The AIFS project has undergone two phases of developing the methodology of the assessment framework. The first phase focused on identifying relevant AI capabilities and existing tests to evaluate them. It drew from a wealth of skill taxonomies and assessments across various disciplines, including computer science, psychology and education.
The second phase, the focus of this report, delves deeper into methodological development. It comprises three distinct exploratory efforts:
Education tests offer a valuable means of comparing AI to human capabilities in domains relevant to education and work. The project carried out two studies to explore the use of education tests for collecting expert judgements on AI capabilities. The first study, conducted in 2021/22, followed up an earlier pilot study, asking experts to evaluate AI’s performance on the literacy and numeracy tests of the OECD's Survey of Adult Skills (PIAAC). The second study collected expert judgements of whether AI can solve science questions from the OECD's Programme for International Student Assessment (PISA).
Purpose
The studies aimed to refine the assessment framework for eliciting expert knowledge on AI using education tests. They explored different test tasks, response formats and rating instructions, along with two distinct assessment approaches: a "behavioural approach" used in the PIAAC studies, drawing on smaller expert groups engaging in discussions, and a "mathematical approach" adopted in the PISA study, relying more heavily on quantitative data from a larger expert pool.

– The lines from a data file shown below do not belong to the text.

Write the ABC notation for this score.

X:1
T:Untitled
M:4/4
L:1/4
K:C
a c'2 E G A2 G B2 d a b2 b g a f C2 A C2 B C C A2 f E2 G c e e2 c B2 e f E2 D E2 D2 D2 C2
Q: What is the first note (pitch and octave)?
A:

Two exploratory studies extended the rating of AI capabilities to tests used to certify workers for occupations. These tests present complex practical tasks typical in occupations, such as a nurse moving a paralysed patient, or a product designer creating a design for a new container lid. Such tasks are potentially useful as a way of providing insight into the application of AI techniques in the workplace.
Purpose
The inherent complexity of occupational tasks makes them different from the questions contained in education tests. Occupational tasks require various capabilities, take place in real-world unstructured environments and are often unfamiliar to computer scientists. Consequently, the project had to develop different methods for collecting expert ratings of AI with such tasks. The two studies explored the use of different survey instruments and instructions for collecting reliable and valid expert evaluations on these tasks.
Lessons learnt
Rating AI performance on occupational tasks proved challenging. The rating difficulty related to predicting contextual factors that can potentially affect AI performance and to specifying the underlying capability requirements for each task. On the other hand, the studies suggested the possible use of occupational tasks for better anticipating how occupations might evolve as new AI capabilities emerge. As a result, occupational tasks will be used to understand the implications of AI for work and education rather than for gathering expert judgements on AI capabilities.

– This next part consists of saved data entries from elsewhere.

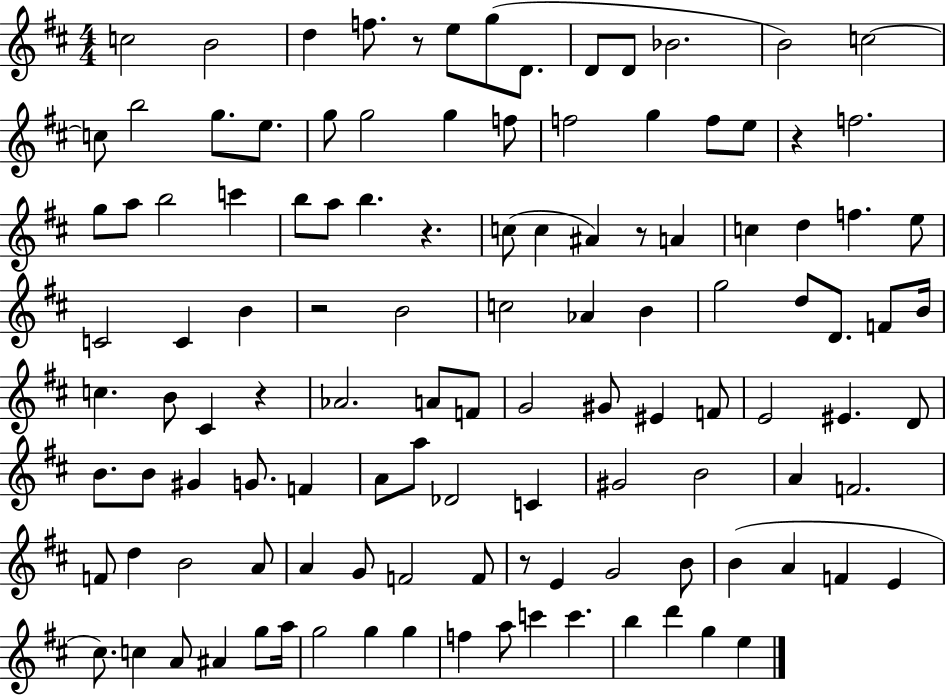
{
  \clef treble
  \numericTimeSignature
  \time 4/4
  \key d \major
  \repeat volta 2 { c''2 b'2 | d''4 f''8. r8 e''8 g''8( d'8. | d'8 d'8 bes'2. | b'2) c''2~~ | \break c''8 b''2 g''8. e''8. | g''8 g''2 g''4 f''8 | f''2 g''4 f''8 e''8 | r4 f''2. | \break g''8 a''8 b''2 c'''4 | b''8 a''8 b''4. r4. | c''8( c''4 ais'4) r8 a'4 | c''4 d''4 f''4. e''8 | \break c'2 c'4 b'4 | r2 b'2 | c''2 aes'4 b'4 | g''2 d''8 d'8. f'8 b'16 | \break c''4. b'8 cis'4 r4 | aes'2. a'8 f'8 | g'2 gis'8 eis'4 f'8 | e'2 eis'4. d'8 | \break b'8. b'8 gis'4 g'8. f'4 | a'8 a''8 des'2 c'4 | gis'2 b'2 | a'4 f'2. | \break f'8 d''4 b'2 a'8 | a'4 g'8 f'2 f'8 | r8 e'4 g'2 b'8 | b'4( a'4 f'4 e'4 | \break cis''8.) c''4 a'8 ais'4 g''8 a''16 | g''2 g''4 g''4 | f''4 a''8 c'''4 c'''4. | b''4 d'''4 g''4 e''4 | \break } \bar "|."
}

Recognising the limitations of expert judgement, the project initiated an exploration of measures derived from direct evaluations of AI systems. These benchmark tests offer a diverse range of evaluations but vary in quality, complexity, and target capabilities. To navigate this landscape, the project commissioned experts to explore their uses for the project.
Purpose
The project needed to find ways to select good-quality benchmarks, categorise them according to AI capabilities and systematise them into single measures. It commissioned experts to work on each of these tasks. Anthony Cohn and José Hernández-Orallo developed a method for describing the characteristics of benchmark tests to guide the selection of existing measures for the project. Guillaume Avrin, Swen Ribeiro and Elena Messina presented evaluation campaigns of AI and robotics and proposed an approach for systematising them according to AI capabilities. Yvette Graham reviewed major benchmark tests in the domain of natural language processing and developed an integrated measure based on the reviewed tests.
Lessons learnt
Using direct measures to develop valid indicators of AI capabilities is a challenging but promising direction because of the large number and variety of direct measures available. The measures evolve rapidly as the field itself, which requires an approach to synthesising them conceptually. In addition, the measures often omit a comparison to human capabilities, which requires additional steps to add this reference. The preliminary work on direct measures suggests ways of addressing these two challenges.
Both expert judgements and direct AI measures are necessary to develop indicators of AI capabilities that are understandable, comprehensive, repeatable and policy relevant. The project’s third phase is working on a concrete approach for developing such indicators in different domains. This approach draws on experts to review, select and synthesise direct AI measures into a set of integrated AI indicators. These will be complemented with measures obtained from expert evaluations in areas where direct AI assessments are lacking. The resulting AI indicators will then be linked to measures of human competences and examples of occupational tasks to derive implications for education and work. They should aid decision-makers in determining necessary policy interventions as AI continues to advance.